Millions of diabetes patients use inexpensive glucometers to track their blood sugar. Now, scientists are seeking to adapt that technology for COVID-19 testing, underscoring the new possibilities of glucometer-based diagnostics at a time of rising medical costs.
A study published March 1 in Biosensors and Bioelectronics details the new glucometer approach, which can pick up on very low levels of coronavirus from saliva. It hinges on a short stretch of DNA known as an aptamer, which can bind to a specific protein on the virus the way an antibody binds to an antigen. The aptamer starts out lightly wrapped in its complementary antisense strand, a non-coding template DNA strand normally used to produce messenger RNA. If the virus is around, the aptamer prefers its protein antigen on the virus over the antisense strand.

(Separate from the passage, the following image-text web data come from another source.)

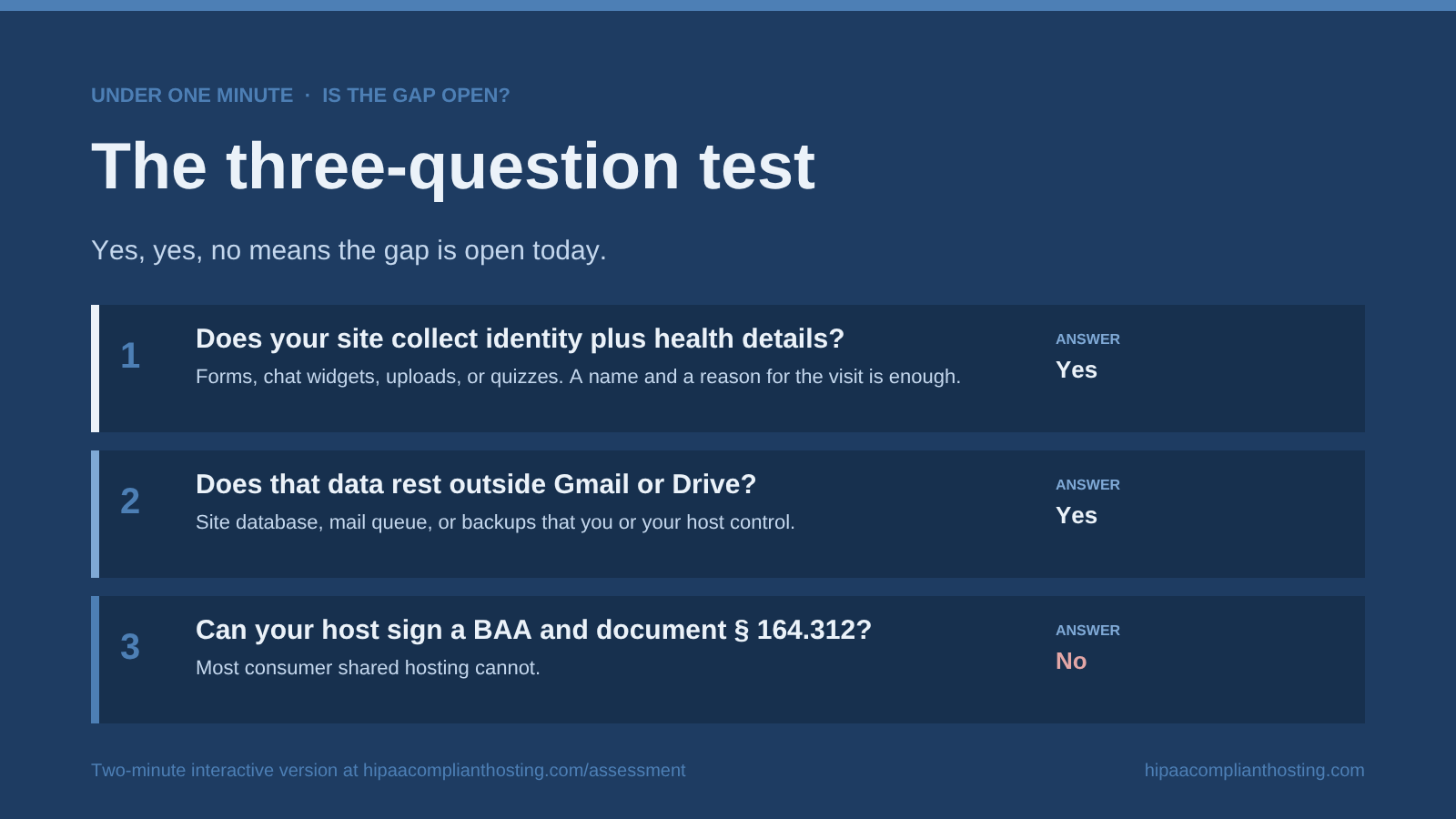Three-question test for whether a website is outside the Workspace BAA: does the site collect identity plus health details, does the data rest outside Gmail or Drive, and can the host sign a BAA; yes, yes, no means the gap is open
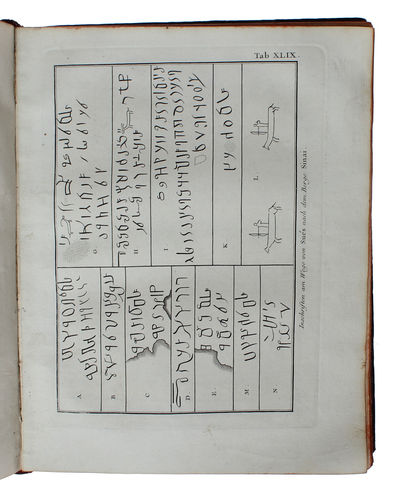 Reisebeschreibung nach Arabien und andern umliegenden Ländern. 2 vols. - [ON OF THE MOST IMPORTANT TRAVEL ACCOUNTS OF ARABIA] (photo 5)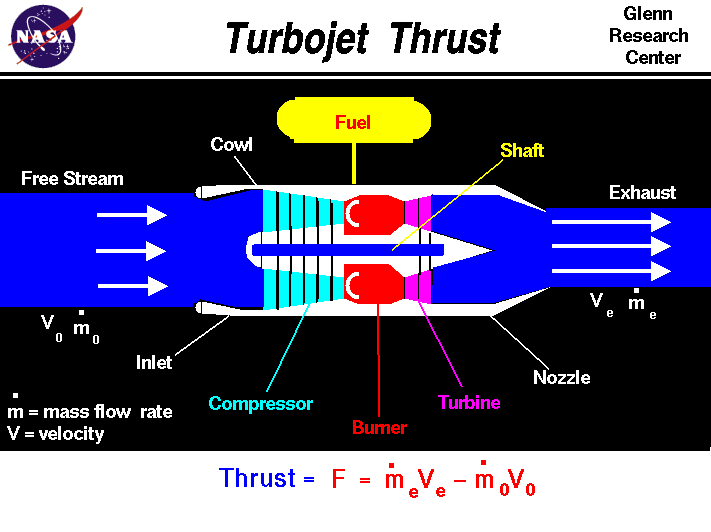 Computer drawing of a jet engine with the equation
 for thrust. Thrust equals the exit mass flow rate times exit velocity
 minus free stream mass flow rate times velocity.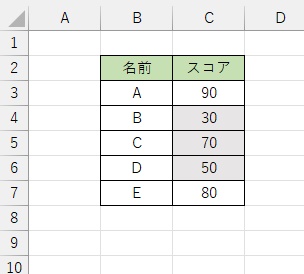 75点未満のデータのセルをグレーの背景色で塗りつぶすことができた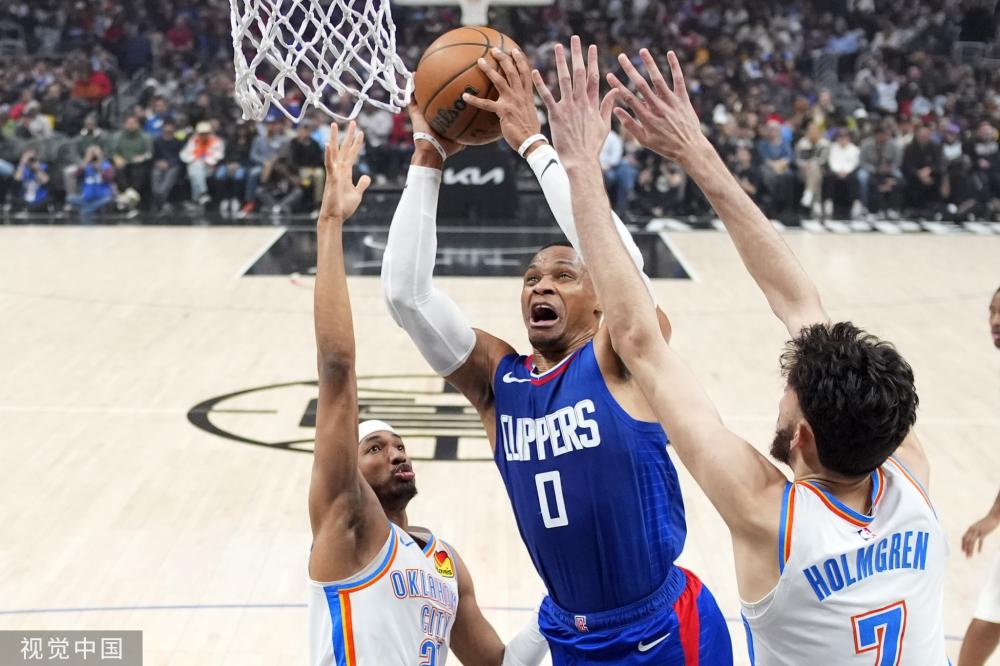 球与调度 球与调度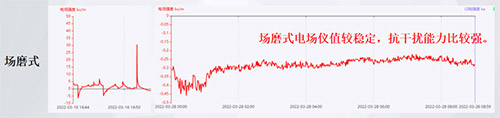 電子式雷電預(yù)警設(shè)備的工作原理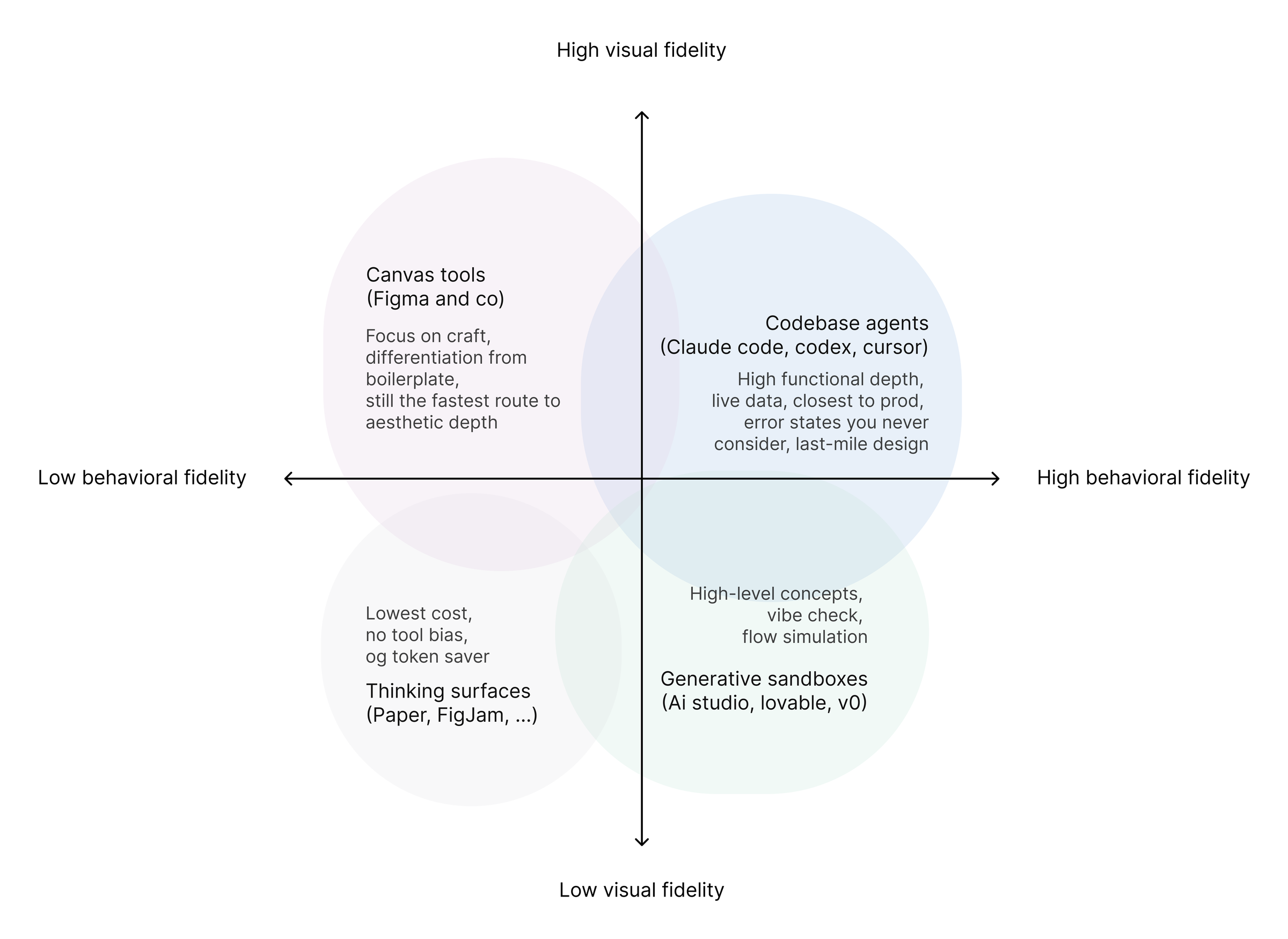 The same two axes with four overlapping circles, one per quadrant: canvas tools like Figma at high visual and low behavioral fidelity, codebase agents such as Claude Code, Codex and Cursor at high on both, thinking surfaces like paper and FigJam at low on both, and generative sandboxes such as AI Studio, Lovable and v0 at high behavioral and low visual fidelity.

When the aptamer binds to the virus, the aptamer changes shape. This causes it to jettison the antisense nucleic acid strand, which has been cleverly equipped with an enzyme known as invertase. This enzyme is what lets the researchers use a glucometer — invertase reacts with sucrose to make lots of glucose. The glucometer can detect that glucose, which correlates with how much virus is in the patient's saliva.
"Most tests that read things quantitatively or with a digital readout require a relatively expensive piece of equipment," Eliah Aronoff-Spencer, a researcher at the University of California, San Diego, and a coauthor of the paper, explained to The Academic Times. "This method would allow you to detect almost any substrate with a cheap glucometer anywhere in the world. Many people have done pieces of this innovation, and we've put it together, I think for the first time, for COVID."
According to Aronoff-Spencer, the innovation builds on past research by other scientists, who have used glucometers to detect influenza and other diseases. "We pushed the technology a little bit further," he said. "It's a new field. We'll see if people use these or realize that those glucometers are very cheap and could be rebranded as low-cost diagnostics readers."
Health care costs are increasing rapidly around the world, particularly in middle- and low-income countries. Innovations that capitalize on inexpensive existing technologies could help to curb this spending, although commercialization remains a challenge.
This team's system was reported to be extremely accurate and specific — and at just $3.20 per test, it was cheaper than every alternative to which they compared it. Yet Aronoff-Spencer says these data should be taken with a grain of salt, at least when it comes to using the test in the real world.
"We're comparing our results on a relatively limited study, in which we got everything right, but that doesn't mean we would always get everything right in the future," Aronoff-Spencer said. "In preliminary testing, it was really promising. It was on par with the best results out there."
The team has continued to develop their innovation. "We've built a cool little all-in-one saliva and biospecimen collection device," Aronoff-Spencer explained. "We have an upcoming paper where we show some more enhancements in terms of workflow."
"Going from a laboratory project to a tested thing that works with humans in the way it's intended, not the way you tried to make it work, during an important public health crisis — that's really hard," Aronoff-Spencer added. The team previously received funding for test technology development from the National Institutes of Health Rapid Acceleration of Diagnostics (RADx) Tech program. This financing came at a time of rapid development in COVID diagnostics, including through the tracking of liquid waste.
Since drafting their article for Biosensors and Bioelectronics, the team has made some changes to their platform, including switching from magnetic beads to a filtration system. "It makes it a lot easier to get the same amount of samples transferred in a cogent way without a lot of variability," Aronoff-Spencer said. He and his colleagues are also working to integrate a low-cost heating element, which is needed to make the invertase work efficiently.
The system can also be contaminated by glucose and other "nonspecific stuff" in saliva, according to Aronoff-Spencer. If people eat before being tested, their saliva could contain higher levels of glucose, potentially skewing the results. "We have people fast," he said. "The real question is, will people fast, and will they remember if they fasted?"
Still, Aronoff-Spencer is hopeful: "I think something in the technology's going to get used or lead to something that gets used. And I think it's going to happen in months or a year and not years."
The paper, "Hitting the diagnostic sweet spot: Point-of-care SARS-CoV-2 salivary antigen testing with an off-the-shelf glucometer," published March 1 in Biosensors and Bioelectronics, was authored by Naveen K. Singh, Aaron F. Carlin, Celestine Magallanes, Sydney C. Morgan, Louise C. Laurent, Eliah S. Aronoff-Spencer, and Drew A. Hall, University of California, San Diego; and Partha Ray, University of California, San Diego Health.